● **Work to complete**
Transcribe the listing below word for word but skip its images.

● **Information supplied**
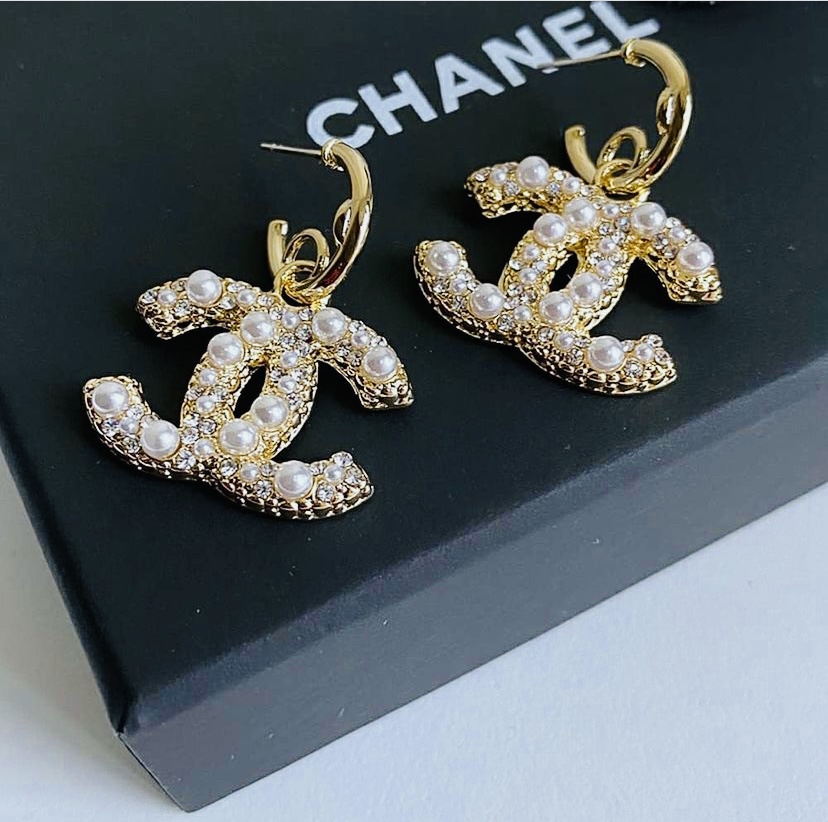 Chanel 21S XL Gold Pearl Metal CC Logo Large Dangle Drop Statement Earrings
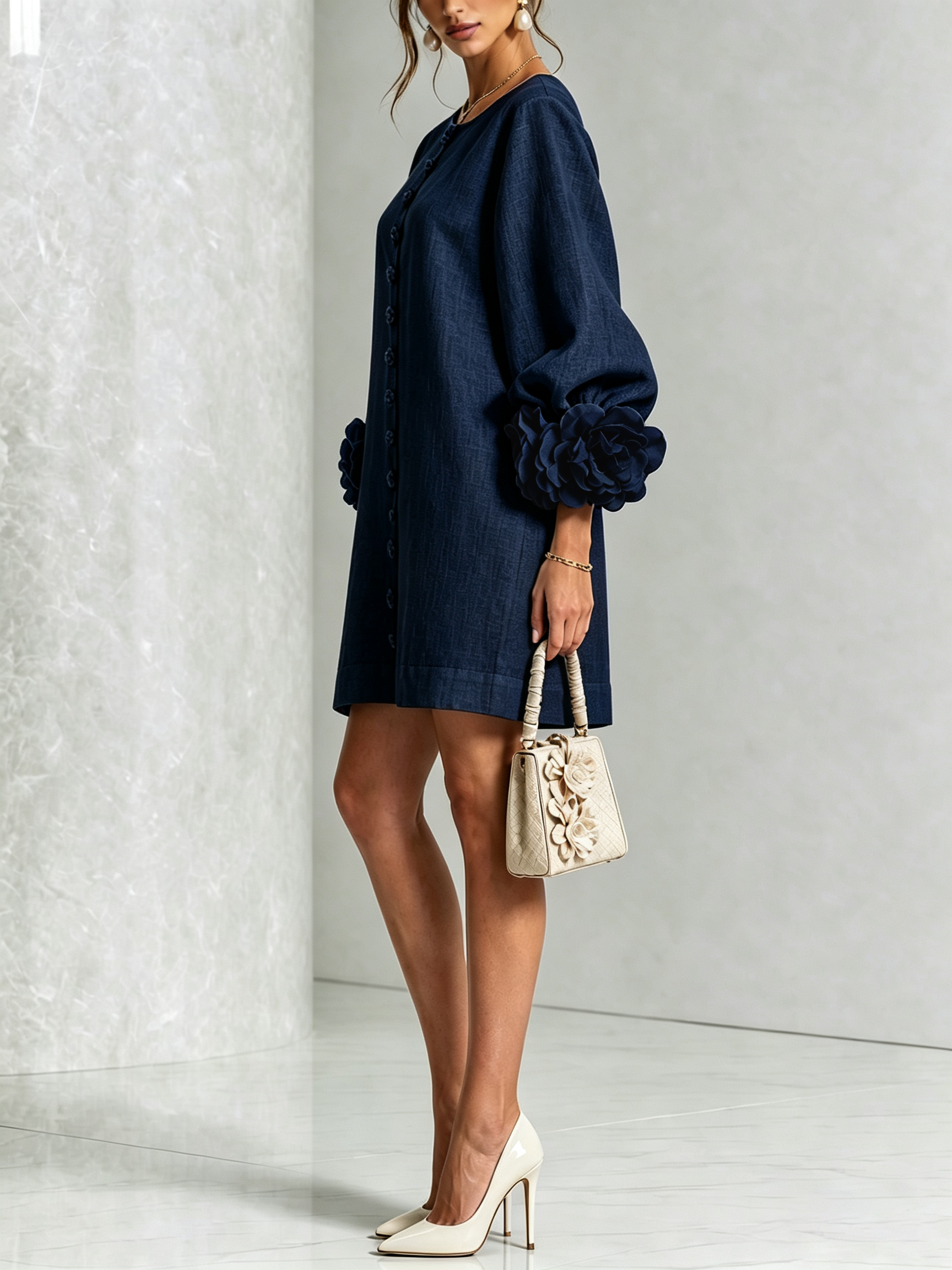 Anya | Floral Button Down Mini Dress with Striking Floral Cuffs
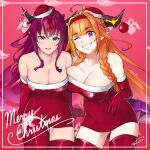  2girls ahoge alternate_costume black_horns breasts candy candy_cane christmas clenched_teeth dasdokter dragon_girl dragon_horns dragon_tail dress elbow_gloves eyebrows eyebrows_visible_through_hair fang food gloves heterochromia highres hololive hololive_english horns irys_(hololive) kiryu_coco large_breasts medium_breasts multicolored_hair multiple_girls open_mouth orange_hair pink_background pointy_ears purple_eyes purple_hair red_dress red_gloves red_hair red_legwear santa_dress smile streaked_hair tail teeth thighhighs thighs virtual_youtuber 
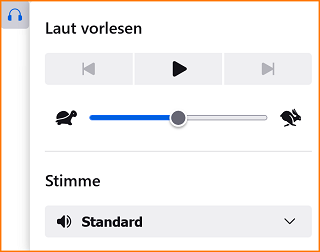 Leseansicht Option Laut vorlesen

● **Written response**
 Chanel 21S XL Gold Pearl Metal CC Logo Large Dangle Drop Statement Earrings
 Anya | Floral Button Down Mini Dress with Striking Floral Cuffs
  2girls ahoge alternate_costume black_horns breasts candy candy_cane christmas clenched_teeth dasdokter dragon_girl dragon_horns dragon_tail dress elbow_gloves eyebrows eyebrows_visible_through_hair fang food gloves heterochromia highres hololive hololive_english horns irys_(hololive) kiryu_coco large_breasts medium_breasts multicolored_hair multiple_girls open_mouth orange_hair pink_background pointy_ears purple_eyes purple_hair red_dress red_gloves red_hair red_legwear santa_dress smile streaked_hair tail teeth thighhighs thighs virtual_youtuber 
 Leseansicht Option Laut vorlesen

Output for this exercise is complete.